• [Information shown]
▬▬▬▬▬▬▬▬▬▬

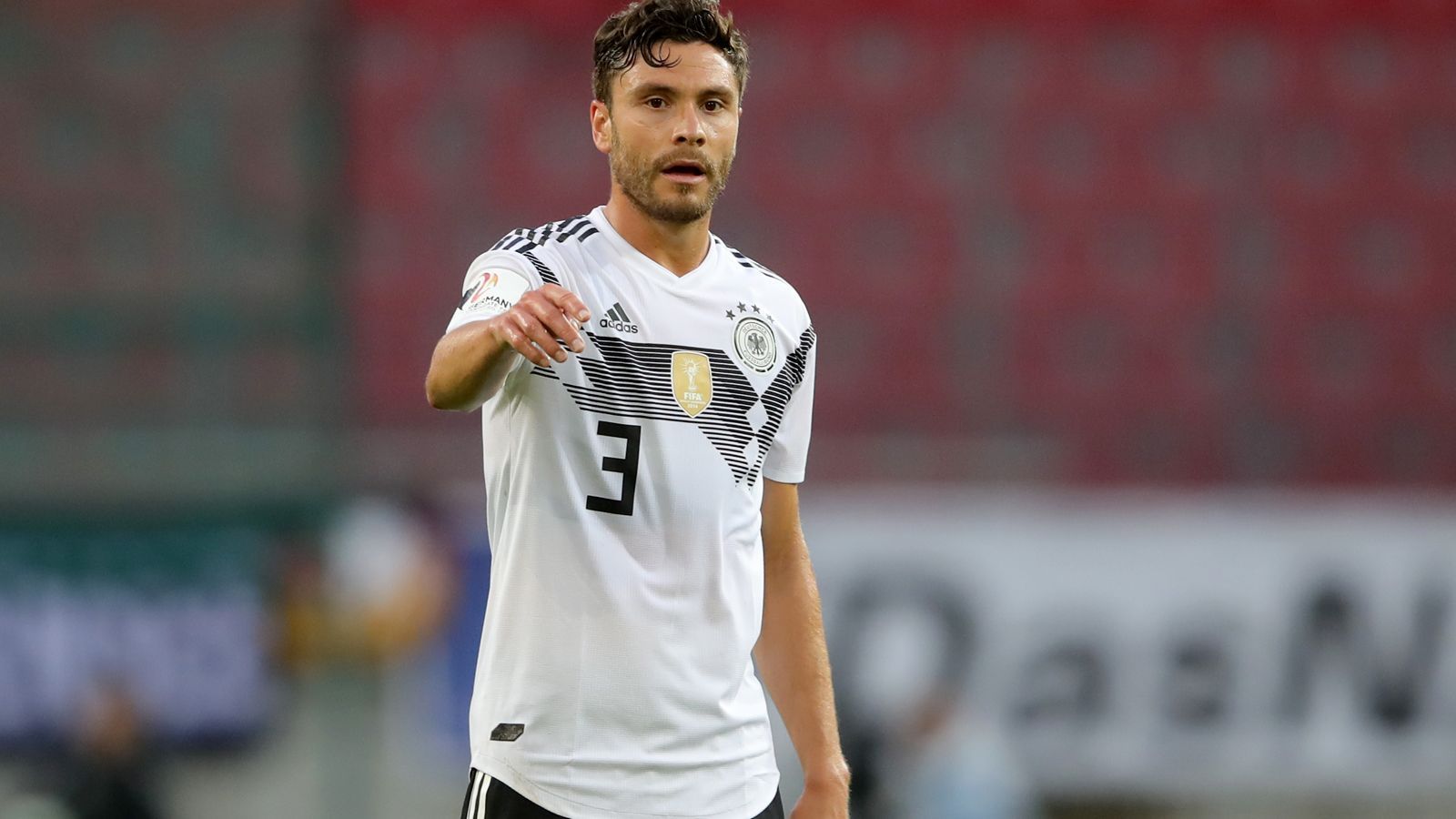 
                <strong>Linksverteidiger: Jonas Hector</strong><br>
                Gäbe es im deutschen Kader eine echte Alternative - Stichwort Philipp Max - müsste man ernsthaft über Jonas Hector nachdenken. Der Kölner schaut in letzter Zeit öfter so aus der Wäsche wie auf diesem Bild. Der Dauerbrenner schwächelt derzeit enorm und spielt auf Bewährung - eine Alternative könnte im Turnierverlauf eine Dreierkette mit Antonio Rüdiger auf links werden.
              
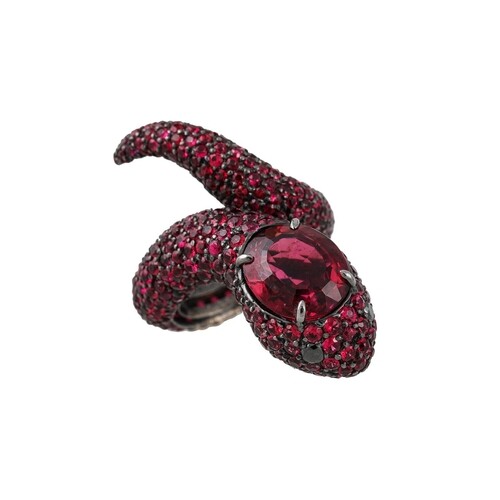 A RUBY AND TOURMALINE RING, modelled as a serpent, in a 18ct...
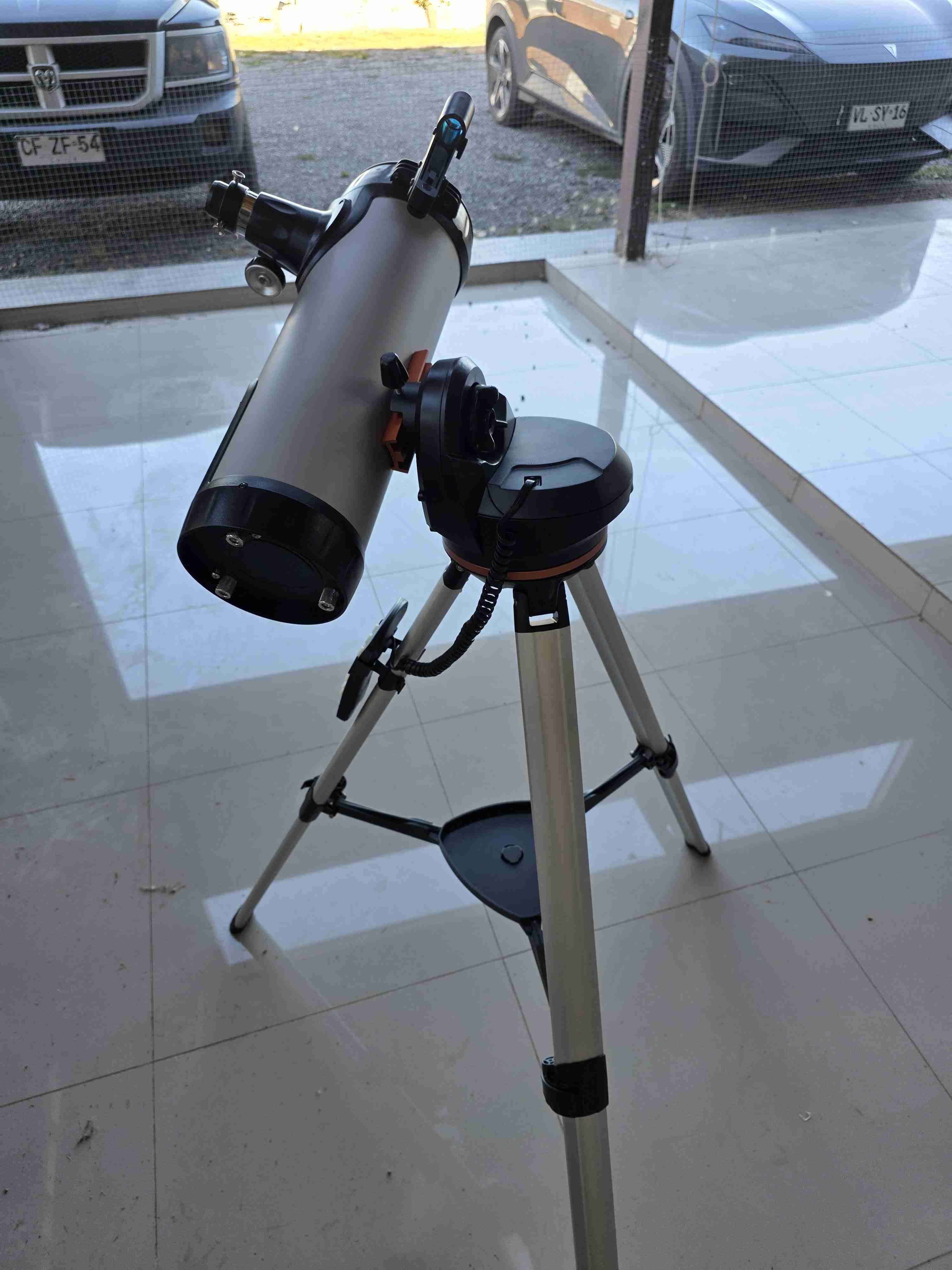 Telescopio Celestron 114LCM motorizado con camara - miniatura 3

▬▬▬▬▬▬▬▬▬▬

• [The problem]
Retype the data word for word, please, and keep the images out.

• [Problem solution]
                <strong>Linksverteidiger: Jonas Hector</strong><br>
                Gäbe es im deutschen Kader eine echte Alternative - Stichwort Philipp Max - müsste man ernsthaft über Jonas Hector nachdenken. Der Kölner schaut in letzter Zeit öfter so aus der Wäsche wie auf diesem Bild. Der Dauerbrenner schwächelt derzeit enorm und spielt auf Bewährung - eine Alternative könnte im Turnierverlauf eine Dreierkette mit Antonio Rüdiger auf links werden.
              
 A RUBY AND TOURMALINE RING, modelled as a serpent, in a 18ct...
 Telescopio Celestron 114LCM motorizado con camara - miniatura 3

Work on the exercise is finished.